From the moment our feet hit the Hollywood pavement, Michael was in high gear. His friend, Christopher McDonald, joined us and together their wit was a formidable force. Babies, dogs, street vendors, retail clerks, glamorous women and fans all provide Michael and Chris with plenty of friendly amusement to fuel their non-stop banter. They were both totally in their element at the mall; in fact, they have a long-running joke that the “code word” – for anything – is “the mall.”
When we’d done all the damage we could do at The Grove, we headed to Melrose Avenue in search of cool vintage T-shirts and to browse Fred Segal. After 40 years on West Melrose, this collection of ultra-hip boutiques is a common destination for celebrities. Like all things truly cool in L.A., Fred Segal doesn’t look like what it is – more an ivy-covered bungalow than the home of L.A.’s hippest gear of the moment. It also houses a café, where we ate a late lunch and where our cute waitress held considerable interest for Michael. Outside we ran into Rebecca Gayheart, Michael’s co-star in “Urban Legend,” who recently had a role in the cancelled FOX series, “Vanished.”
Carrie Fisher’s Cake
With the Southern California setting, our shopping expedition ended and we drove back to Michael’s home, where we planned to shoot our cover photograph and rest up for Carrie Fisher’s birthday party.

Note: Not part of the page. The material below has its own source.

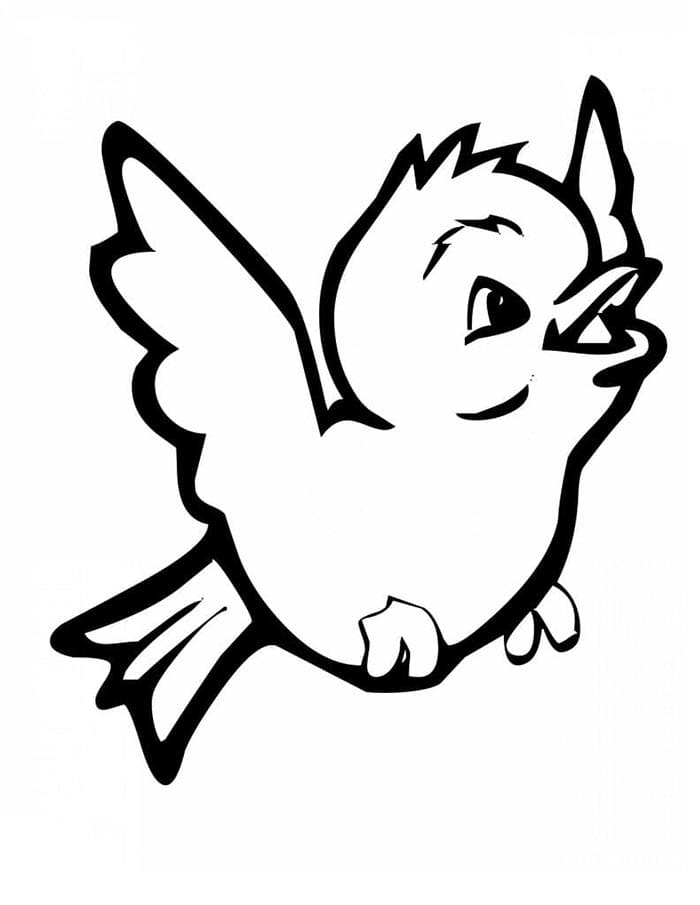 Vogel voor Kinderen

To Michael’s friends and family, his friendships with celebrities are not surprising. They’re accustomed to late night phone calls from Michael with the announcement, “Mom, here’s Dustin Hoffman. Say hi.”

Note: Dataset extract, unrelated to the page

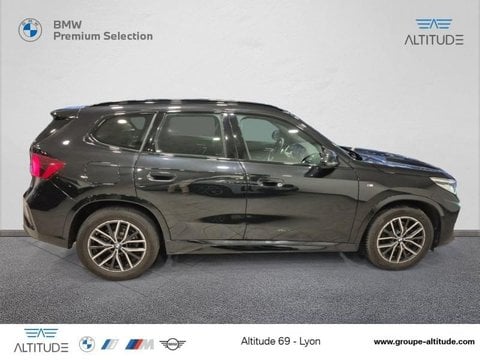Voitures D'occasion À Limonest | Bmw X1 Sdrive18I 136Ch M Sport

Michael’s high school friend, Kent Brenneman, who lives in Evansville and is owner of the real estate firm House Hunter LLC, explains his charisma. “We go out to visit him, and he’s the same in Hollywood as he is in Newburgh. It’s that charisma and wit. Big time stars flock to him, just like people do here; it’s just a different crowd. He’s a caring guy who’s the center of attention wherever he goes.”
From the moment we walked up the enchanting drive to Carrie Fisher’s famed Hollywood compound, Jesse and I knew we were in for a special evening. It was an intimate party for about 90 of her closest friends. We were amazed to be sipping champagne amid celebrities like Ms. Fisher and her lovely mother, Debbie Reynolds, and others, including Sharon Stone, Matthew Perry, Robert Downey Jr., Courtney Love, Beverly DiAngelo, Greg Kinnear, and Megan Mullally.
The most amazing aspect of the evening, though, was Michael. It was Michael, the kid from Newburgh, who absconded the Princess Leia-styled cap, hand-knitted by guest Tracy Ullman for Ms. Fisher’s birthday present, and wore it through the buffet line. It was Michael who encouraged me to meet the famous architect Frank Gehry. And, when it was time to honor the birthday hostess, against a backdrop of slick Hollywood videos projected on a giant screen nestled in the trees, it was Michael Rosenbaum and George Lucas who sang the loudest and presented Ms. Fisher with the cake.